● Work required:
What's needed is the listing below, repeated word for word with no pictures.

● Supplied data:

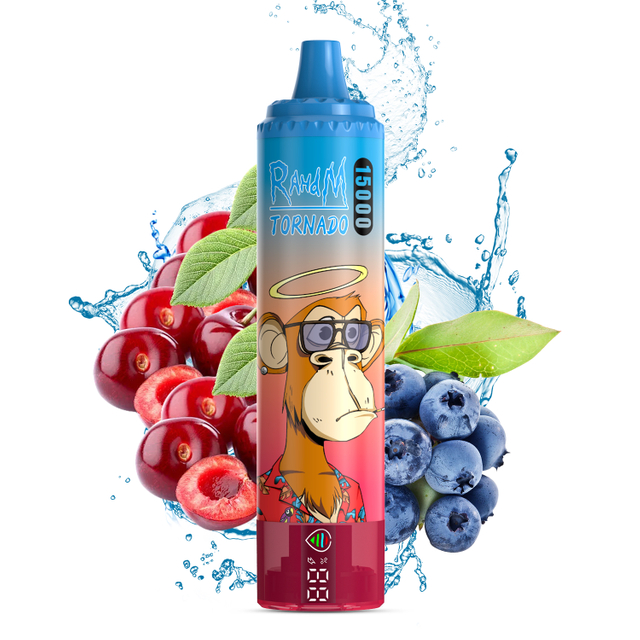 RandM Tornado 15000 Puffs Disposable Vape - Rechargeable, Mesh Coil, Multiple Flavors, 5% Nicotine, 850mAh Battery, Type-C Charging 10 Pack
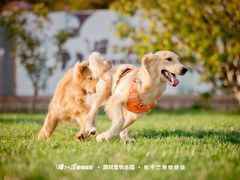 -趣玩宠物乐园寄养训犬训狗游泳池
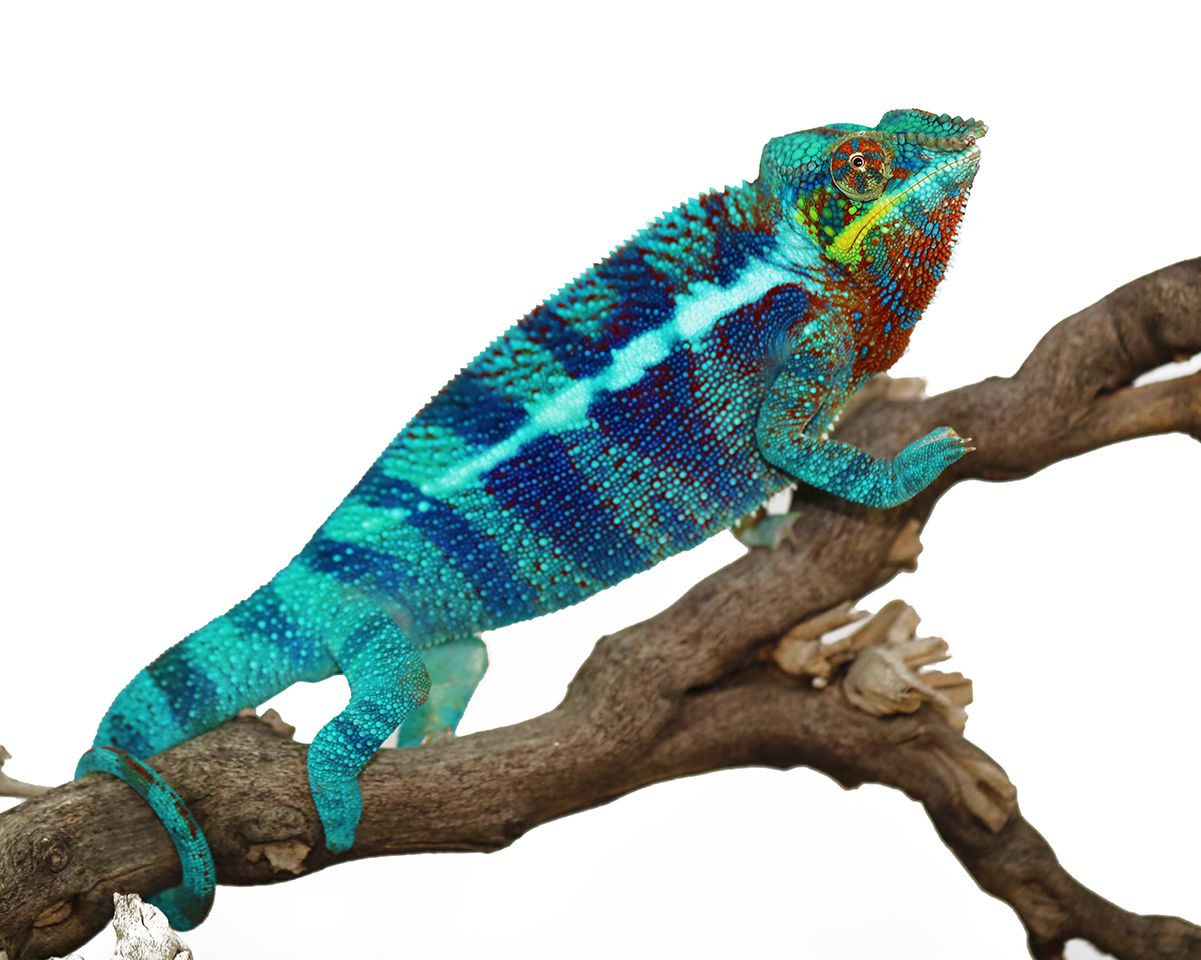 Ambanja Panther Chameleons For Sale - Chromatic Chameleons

● Exercise output:
 RandM Tornado 15000 Puffs Disposable Vape - Rechargeable, Mesh Coil, Multiple Flavors, 5% Nicotine, 850mAh Battery, Type-C Charging 10 Pack
 -趣玩宠物乐园寄养训犬训狗游泳池
 Ambanja Panther Chameleons For Sale - Chromatic Chameleons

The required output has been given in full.